Every contract for the leasing for a longer period than 1 year, or for the sale of any lands, or any interest in lands, shall be void, unless the contract, or some note or memorandum thereof be in writing, and signed by the party by whom the lease or sale is to be made, or by some person thereunto by him lawfully authorized in writing: Provided, That whenever any lands or interest in lands shall be sold at public auction and the auctioneer or the clerk of the auction at the time of the sale enters in a sale book a memorandum specifying the description and price of the land sold and the name of the purchaser, such memorandum, together with the auction bills, catalog or written or printed notice of sale containing the name of the person on whose account the sale is made and the terms of sale, shall be deemed a memorandum of the contract of sale within the meaning of this section. [MCL 566.108.]

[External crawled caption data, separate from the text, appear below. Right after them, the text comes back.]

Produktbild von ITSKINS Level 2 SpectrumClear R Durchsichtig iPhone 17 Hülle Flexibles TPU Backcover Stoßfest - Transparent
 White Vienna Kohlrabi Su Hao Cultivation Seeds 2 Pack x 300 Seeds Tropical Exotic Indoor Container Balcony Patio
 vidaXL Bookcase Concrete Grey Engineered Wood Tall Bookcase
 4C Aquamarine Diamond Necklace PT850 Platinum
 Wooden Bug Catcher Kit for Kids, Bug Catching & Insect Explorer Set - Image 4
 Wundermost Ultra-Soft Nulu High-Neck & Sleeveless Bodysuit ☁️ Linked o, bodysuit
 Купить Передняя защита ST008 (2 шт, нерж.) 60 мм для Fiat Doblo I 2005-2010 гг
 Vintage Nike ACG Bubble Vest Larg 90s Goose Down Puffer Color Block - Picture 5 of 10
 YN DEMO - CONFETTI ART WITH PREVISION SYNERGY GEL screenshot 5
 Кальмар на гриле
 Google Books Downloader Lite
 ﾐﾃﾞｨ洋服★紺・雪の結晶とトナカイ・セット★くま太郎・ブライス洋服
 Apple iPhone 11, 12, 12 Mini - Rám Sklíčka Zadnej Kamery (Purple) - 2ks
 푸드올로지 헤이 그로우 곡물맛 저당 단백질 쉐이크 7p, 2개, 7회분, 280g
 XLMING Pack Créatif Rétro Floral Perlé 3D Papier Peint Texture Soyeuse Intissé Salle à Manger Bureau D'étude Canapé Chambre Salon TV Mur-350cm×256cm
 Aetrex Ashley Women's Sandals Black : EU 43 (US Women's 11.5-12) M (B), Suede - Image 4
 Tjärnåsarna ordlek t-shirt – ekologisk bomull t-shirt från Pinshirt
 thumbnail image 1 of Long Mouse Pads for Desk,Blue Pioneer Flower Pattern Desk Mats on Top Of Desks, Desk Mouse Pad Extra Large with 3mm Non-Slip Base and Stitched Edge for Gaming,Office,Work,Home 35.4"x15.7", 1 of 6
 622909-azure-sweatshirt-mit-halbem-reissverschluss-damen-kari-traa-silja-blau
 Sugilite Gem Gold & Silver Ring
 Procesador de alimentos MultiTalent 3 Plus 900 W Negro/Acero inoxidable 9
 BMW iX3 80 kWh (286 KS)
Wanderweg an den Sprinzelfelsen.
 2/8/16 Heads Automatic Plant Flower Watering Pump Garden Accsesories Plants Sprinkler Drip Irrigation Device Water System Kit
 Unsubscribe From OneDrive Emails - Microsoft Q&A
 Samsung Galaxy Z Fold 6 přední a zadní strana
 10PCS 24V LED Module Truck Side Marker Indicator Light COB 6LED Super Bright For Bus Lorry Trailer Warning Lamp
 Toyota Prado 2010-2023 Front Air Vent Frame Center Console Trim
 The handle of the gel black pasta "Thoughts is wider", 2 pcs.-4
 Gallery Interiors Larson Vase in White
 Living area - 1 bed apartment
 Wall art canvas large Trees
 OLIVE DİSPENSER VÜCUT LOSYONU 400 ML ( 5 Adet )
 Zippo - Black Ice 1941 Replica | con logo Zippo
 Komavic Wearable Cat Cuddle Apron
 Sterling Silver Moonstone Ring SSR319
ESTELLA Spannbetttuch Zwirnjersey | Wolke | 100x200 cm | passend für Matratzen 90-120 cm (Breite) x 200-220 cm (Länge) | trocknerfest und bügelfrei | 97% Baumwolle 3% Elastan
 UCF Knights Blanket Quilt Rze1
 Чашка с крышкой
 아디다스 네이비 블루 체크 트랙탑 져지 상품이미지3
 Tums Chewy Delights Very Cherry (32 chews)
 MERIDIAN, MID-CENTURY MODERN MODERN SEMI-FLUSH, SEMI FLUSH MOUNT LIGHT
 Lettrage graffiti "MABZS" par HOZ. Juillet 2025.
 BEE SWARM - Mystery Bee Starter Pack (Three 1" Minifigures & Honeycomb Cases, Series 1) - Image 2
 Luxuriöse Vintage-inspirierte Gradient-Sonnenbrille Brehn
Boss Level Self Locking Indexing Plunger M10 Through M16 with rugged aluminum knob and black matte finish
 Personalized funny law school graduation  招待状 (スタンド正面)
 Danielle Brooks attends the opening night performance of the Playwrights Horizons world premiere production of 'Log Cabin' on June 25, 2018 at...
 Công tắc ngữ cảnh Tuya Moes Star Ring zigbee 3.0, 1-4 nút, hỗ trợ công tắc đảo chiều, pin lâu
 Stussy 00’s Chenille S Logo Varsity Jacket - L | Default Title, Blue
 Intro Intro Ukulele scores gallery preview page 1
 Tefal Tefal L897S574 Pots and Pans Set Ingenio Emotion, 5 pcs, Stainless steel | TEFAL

In addition, RS 1846, Ch 65, MCL 565.1 et seq, as evidenced by its title, concerns the "Alienation by Deed, and the Proof and Recording of Conveyances, and the Canceling of Mortgages." Section 1 of chapter 65 provides in pertinent part:

Conveyances of lands, or of any estate or interest therein, may be made by deed, signed and sealed[5] by the person from whom the estate or interest is intended to pass, being of lawful age, or by his lawful agent or attorney, and acknowledged or proved and recorded as directed in this chapter, without any other act or ceremony whatever. [MCL 565.1.]

As explained by the Michigan Supreme Court in Boothroyd v Engles, 23 Mich 19, 21 (1871): "Our statutes now require every deed to be 'signed and sealed by the person from whom the estate or interest is intended to pass,' as well as acknowledged by the person executing it."

According to materials provided with your letter, the Montmorency County Register's Office has been presented with certain affidavits attesting to facts relative to "lost deeds," meaning deeds the originals of which have not been recorded in the Office of the Register of Deeds and have been purportedly lost. This prompts your inquiry whether these affidavits are subject to tax under the State Real Estate Transfer Tax Act upon recording by the Register's Office.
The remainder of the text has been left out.